**Activity**
Without the images, output each record below as it stands.
━━━━━ Available data
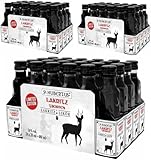 St HUBBEERTUS Lakritz-Likör – 24 x 0,02 L | Kräuterlikör mit Lakritzgeschmack | 16 % vol | Portionsflaschen, 3 Er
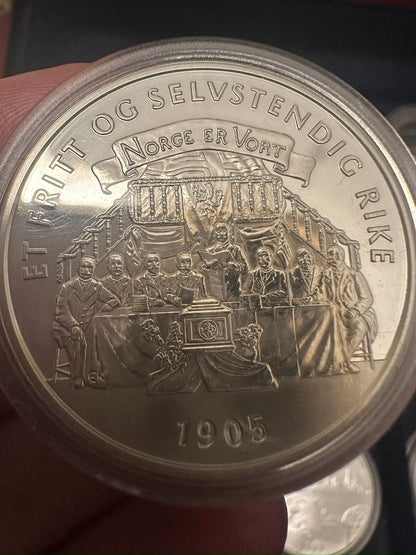 Collection 24 Médailles Norvégiennes Argent 925 – Certificats inclus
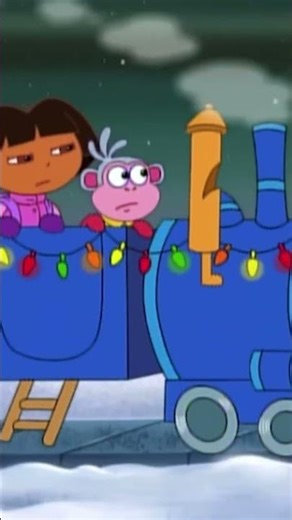 Santa’s Present Flys Out Of Azul The Blue Train From Dora And Boots
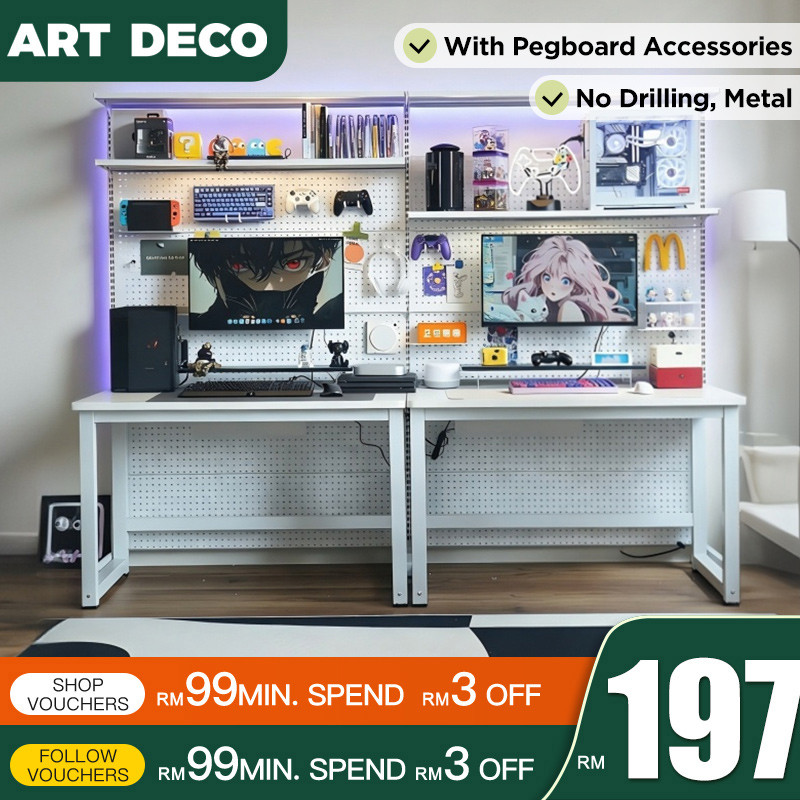Pegboard Rack for Gaming Desk Desktop Rack Desk Organizer Gaming Room ...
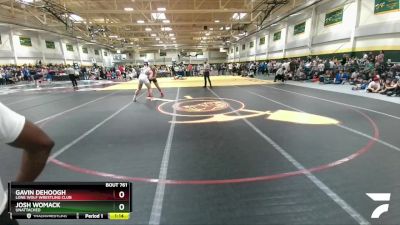 215 lbs Round 2 - Gavin DeHoogh, Lone Wolf Wrestling Club vs Josh Womack, Unattached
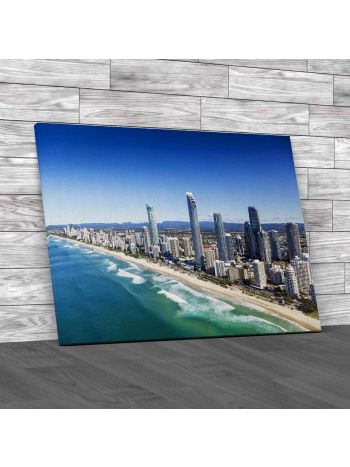 Surfers Paradise On The Gold Coast Canvas Print Large Picture Wall Art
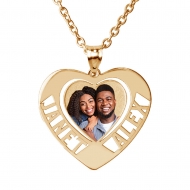 Heart w  Two Names Cut Out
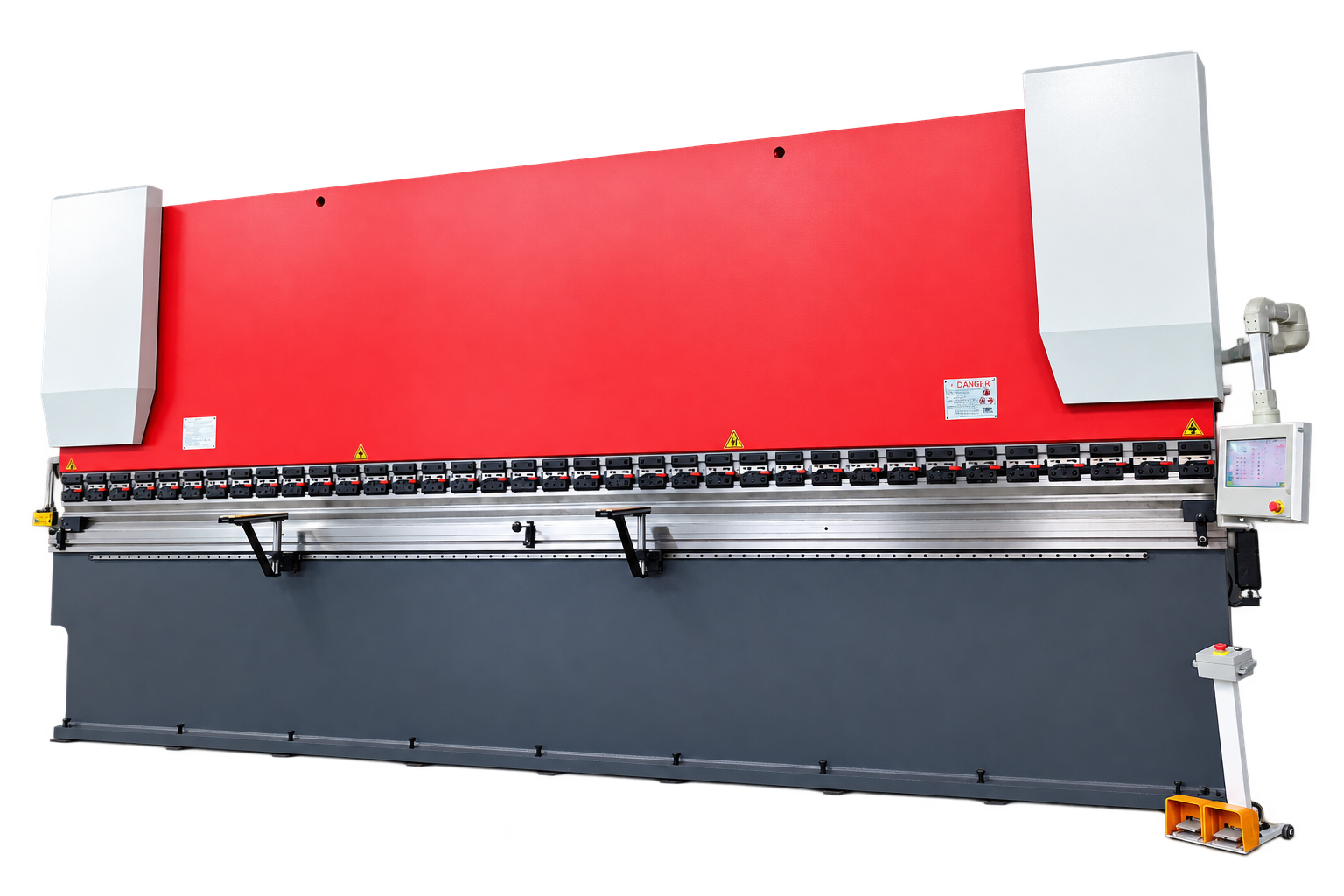 Front view of the supplied Carter 10-axis press brake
━━━━━━━━━━
**Solution below**
 St HUBBEERTUS Lakritz-Likör – 24 x 0,02 L | Kräuterlikör mit Lakritzgeschmack | 16 % vol | Portionsflaschen, 3 Er
 Collection 24 Médailles Norvégiennes Argent 925 – Certificats inclus
 Santa’s Present Flys Out Of Azul The Blue Train From Dora And Boots
Pegboard Rack for Gaming Desk Desktop Rack Desk Organizer Gaming Room ...
 215 lbs Round 2 - Gavin DeHoogh, Lone Wolf Wrestling Club vs Josh Womack, Unattached
 Surfers Paradise On The Gold Coast Canvas Print Large Picture Wall Art
 Heart w  Two Names Cut Out
 Front view of the supplied Carter 10-axis press brake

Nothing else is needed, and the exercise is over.